LISTED ENTRIES Block Start

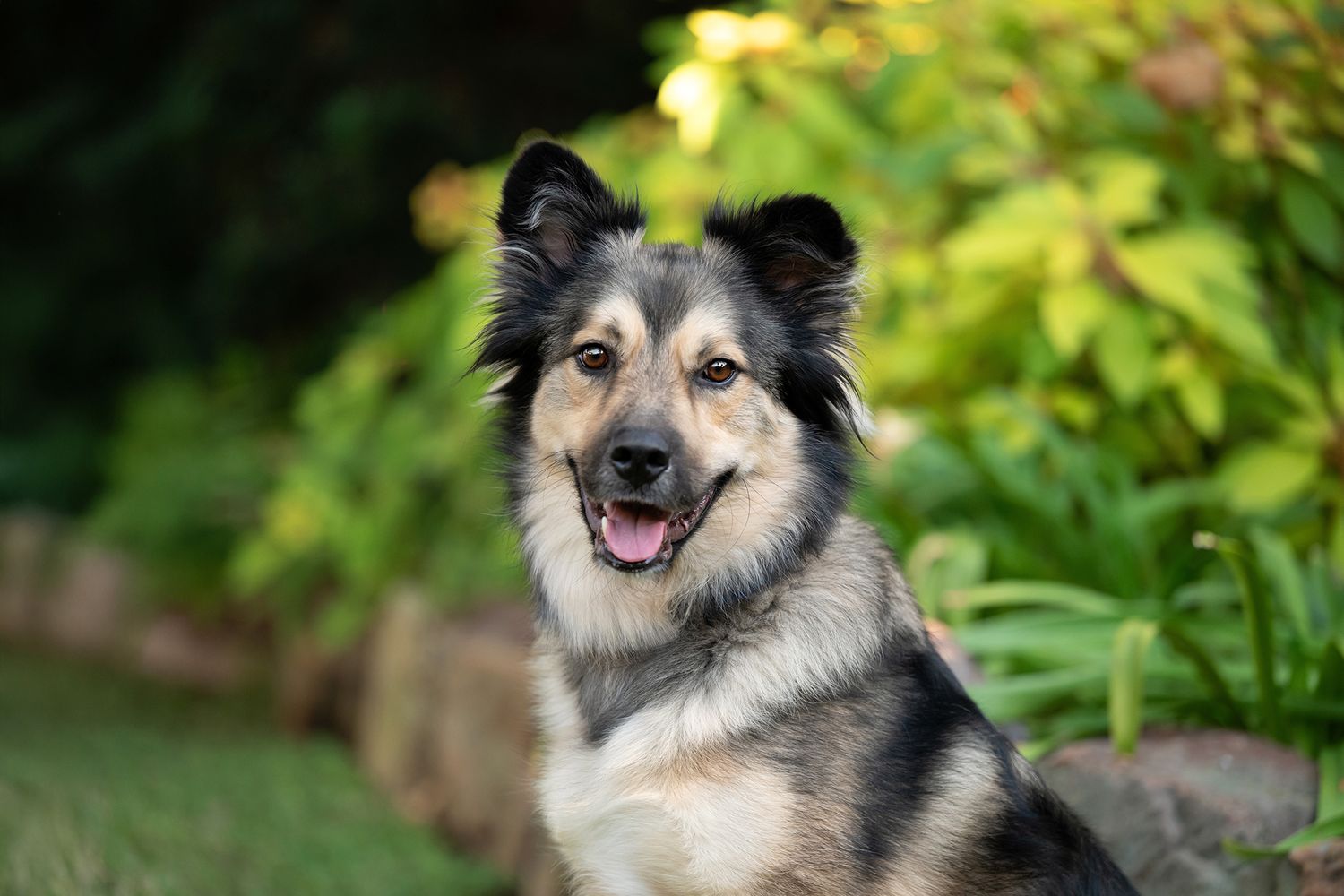 Fluffy black and white dog with perked ears and a happy expression sits in a lush green garden setting.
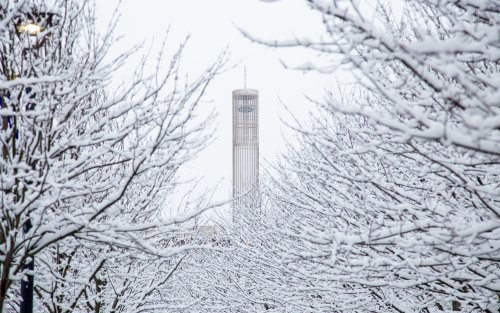 A wintery image of UAlbany's Carillon surrounded by trees with snow.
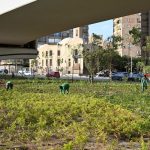 تخضير القاهرة الكبرى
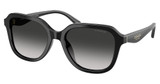 COACH Eyeglasses HC8437F CBY89 BLACK/50023C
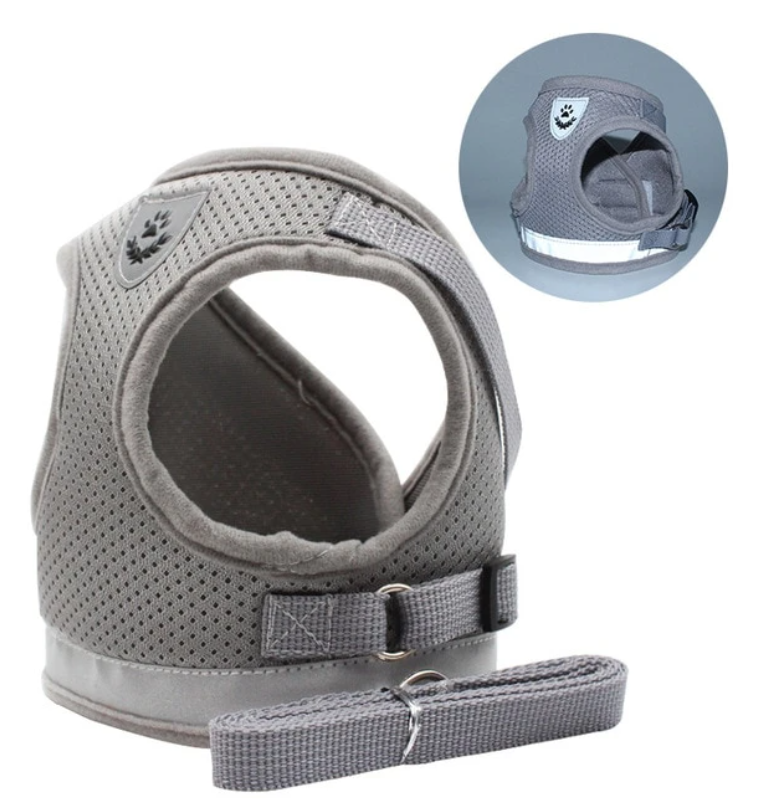 Cat Harness with Leash - AdventureKit Bowlift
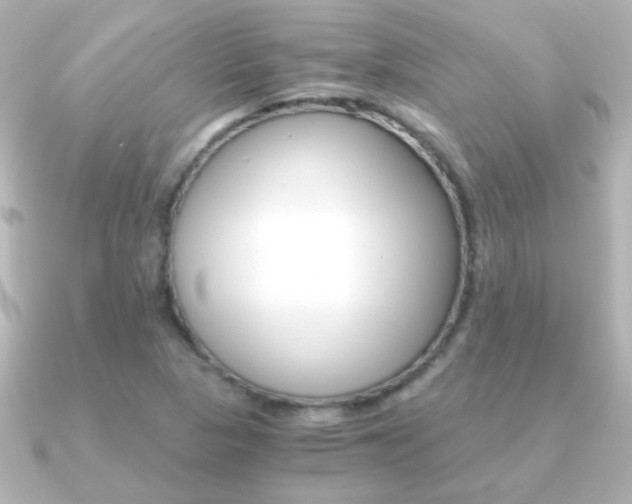 X0000091201313200708091033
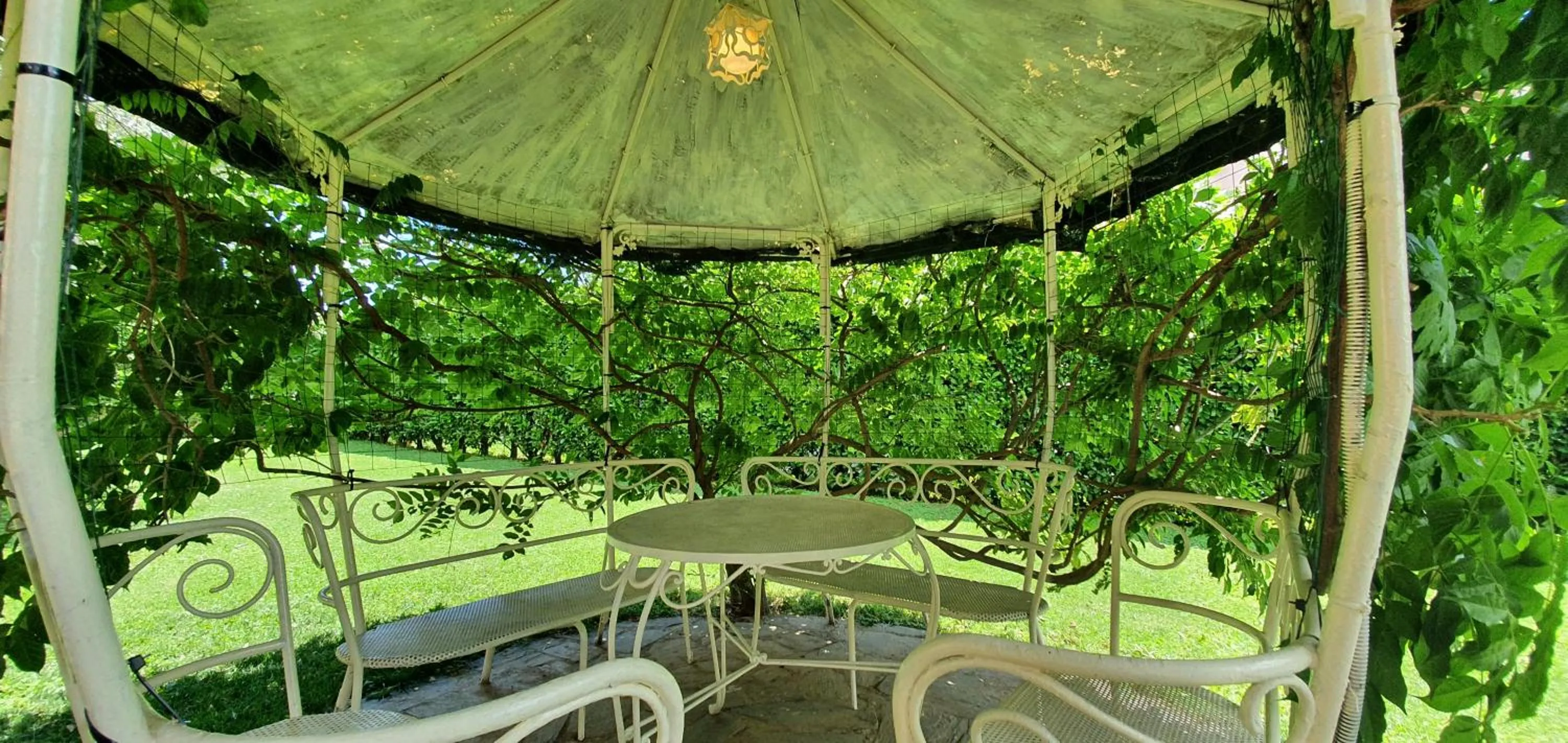 Garden view in B&B Le Palme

LISTED ENTRIES Block End

Would you output the data above exactly as written, but with no images?

TASK OUTPUT:
 Fluffy black and white dog with perked ears and a happy expression sits in a lush green garden setting.
 A wintery image of UAlbany's Carillon surrounded by trees with snow.
 تخضير القاهرة الكبرى
 COACH Eyeglasses HC8437F CBY89 BLACK/50023C
 Cat Harness with Leash - AdventureKit Bowlift
 X0000091201313200708091033
 Garden view in B&B Le Palme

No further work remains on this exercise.